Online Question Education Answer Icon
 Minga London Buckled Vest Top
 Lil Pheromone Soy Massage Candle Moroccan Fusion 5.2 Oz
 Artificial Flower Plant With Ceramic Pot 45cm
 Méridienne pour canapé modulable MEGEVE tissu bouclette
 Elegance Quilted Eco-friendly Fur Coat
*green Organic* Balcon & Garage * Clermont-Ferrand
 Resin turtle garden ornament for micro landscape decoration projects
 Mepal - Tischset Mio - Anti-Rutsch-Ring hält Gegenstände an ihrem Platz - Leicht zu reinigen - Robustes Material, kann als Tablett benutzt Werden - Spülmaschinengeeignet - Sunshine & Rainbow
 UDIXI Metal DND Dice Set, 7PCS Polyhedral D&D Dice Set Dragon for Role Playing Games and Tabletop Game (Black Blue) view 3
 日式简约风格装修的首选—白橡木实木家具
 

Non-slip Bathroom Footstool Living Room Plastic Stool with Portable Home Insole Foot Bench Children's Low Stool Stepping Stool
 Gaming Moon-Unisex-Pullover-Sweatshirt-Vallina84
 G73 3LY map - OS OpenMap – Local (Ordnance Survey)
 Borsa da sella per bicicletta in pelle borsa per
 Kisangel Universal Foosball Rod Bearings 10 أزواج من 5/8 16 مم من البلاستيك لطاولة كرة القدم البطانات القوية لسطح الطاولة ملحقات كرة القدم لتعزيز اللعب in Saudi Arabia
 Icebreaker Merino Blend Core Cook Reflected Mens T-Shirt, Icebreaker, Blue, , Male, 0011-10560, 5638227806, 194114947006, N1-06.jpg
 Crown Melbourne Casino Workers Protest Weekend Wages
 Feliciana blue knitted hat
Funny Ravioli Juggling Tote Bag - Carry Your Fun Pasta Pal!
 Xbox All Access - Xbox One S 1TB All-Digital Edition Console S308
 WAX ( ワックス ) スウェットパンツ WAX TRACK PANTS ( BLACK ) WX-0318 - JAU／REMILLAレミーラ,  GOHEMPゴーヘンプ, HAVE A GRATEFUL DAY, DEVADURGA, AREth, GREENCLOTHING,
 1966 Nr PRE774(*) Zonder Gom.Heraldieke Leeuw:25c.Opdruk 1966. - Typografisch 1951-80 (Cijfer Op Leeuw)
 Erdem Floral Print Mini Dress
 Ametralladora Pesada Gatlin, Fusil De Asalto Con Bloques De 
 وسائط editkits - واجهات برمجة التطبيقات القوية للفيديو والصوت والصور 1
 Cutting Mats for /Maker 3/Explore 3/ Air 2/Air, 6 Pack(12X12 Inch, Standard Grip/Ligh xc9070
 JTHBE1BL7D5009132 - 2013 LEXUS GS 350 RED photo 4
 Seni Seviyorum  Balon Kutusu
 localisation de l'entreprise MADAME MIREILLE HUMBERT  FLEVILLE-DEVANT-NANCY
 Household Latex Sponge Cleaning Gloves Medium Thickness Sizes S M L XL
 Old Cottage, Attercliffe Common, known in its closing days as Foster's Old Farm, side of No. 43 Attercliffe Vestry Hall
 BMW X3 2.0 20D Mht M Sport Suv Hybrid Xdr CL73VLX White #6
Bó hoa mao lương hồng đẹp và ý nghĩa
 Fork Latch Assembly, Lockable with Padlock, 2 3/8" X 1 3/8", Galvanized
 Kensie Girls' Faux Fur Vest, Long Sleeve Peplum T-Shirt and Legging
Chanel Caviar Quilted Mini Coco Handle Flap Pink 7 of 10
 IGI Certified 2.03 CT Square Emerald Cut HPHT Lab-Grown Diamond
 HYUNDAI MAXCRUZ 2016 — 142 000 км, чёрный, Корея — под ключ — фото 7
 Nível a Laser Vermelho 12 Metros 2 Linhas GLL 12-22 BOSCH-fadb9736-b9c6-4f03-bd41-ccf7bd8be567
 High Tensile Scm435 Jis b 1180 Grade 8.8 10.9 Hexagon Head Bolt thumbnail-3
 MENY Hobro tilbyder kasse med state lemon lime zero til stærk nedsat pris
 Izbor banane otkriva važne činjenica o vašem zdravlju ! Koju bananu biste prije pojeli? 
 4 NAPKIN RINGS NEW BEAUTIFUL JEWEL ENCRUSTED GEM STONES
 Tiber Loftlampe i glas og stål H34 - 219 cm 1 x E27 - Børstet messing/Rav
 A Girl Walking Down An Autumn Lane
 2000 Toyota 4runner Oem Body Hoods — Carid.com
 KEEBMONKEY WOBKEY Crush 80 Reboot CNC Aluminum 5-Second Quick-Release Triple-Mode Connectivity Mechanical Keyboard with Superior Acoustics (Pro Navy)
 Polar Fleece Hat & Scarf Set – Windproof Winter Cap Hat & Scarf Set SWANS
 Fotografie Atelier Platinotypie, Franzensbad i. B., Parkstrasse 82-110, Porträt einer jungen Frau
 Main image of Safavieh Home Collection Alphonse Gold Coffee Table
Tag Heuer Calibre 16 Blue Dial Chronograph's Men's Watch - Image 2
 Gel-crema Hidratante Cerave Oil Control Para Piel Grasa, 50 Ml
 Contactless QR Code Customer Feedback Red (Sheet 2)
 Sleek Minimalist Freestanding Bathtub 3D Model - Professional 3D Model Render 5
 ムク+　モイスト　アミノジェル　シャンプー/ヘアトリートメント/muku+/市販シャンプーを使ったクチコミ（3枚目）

★ ★ ★ ★

▶ [PROMPT]: Beginning at the first line of the data above, retype each line until you reach the line containing "Mepal - Tischset", and include that one too. Add nothing else.

▶ [FINISHED EXERCISE]:
Online Question Education Answer Icon
 Minga London Buckled Vest Top
 Lil Pheromone Soy Massage Candle Moroccan Fusion 5.2 Oz
 Artificial Flower Plant With Ceramic Pot 45cm
 Méridienne pour canapé modulable MEGEVE tissu bouclette
 Elegance Quilted Eco-friendly Fur Coat
*green Organic* Balcon & Garage * Clermont-Ferrand
 Resin turtle garden ornament for micro landscape decoration projects
 Mepal - Tischset Mio - Anti-Rutsch-Ring hält Gegenstände an ihrem Platz - Leicht zu reinigen - Robustes Material, kann als Tablett benutzt Werden - Spülmaschinengeeignet - Sunshine & Rainbow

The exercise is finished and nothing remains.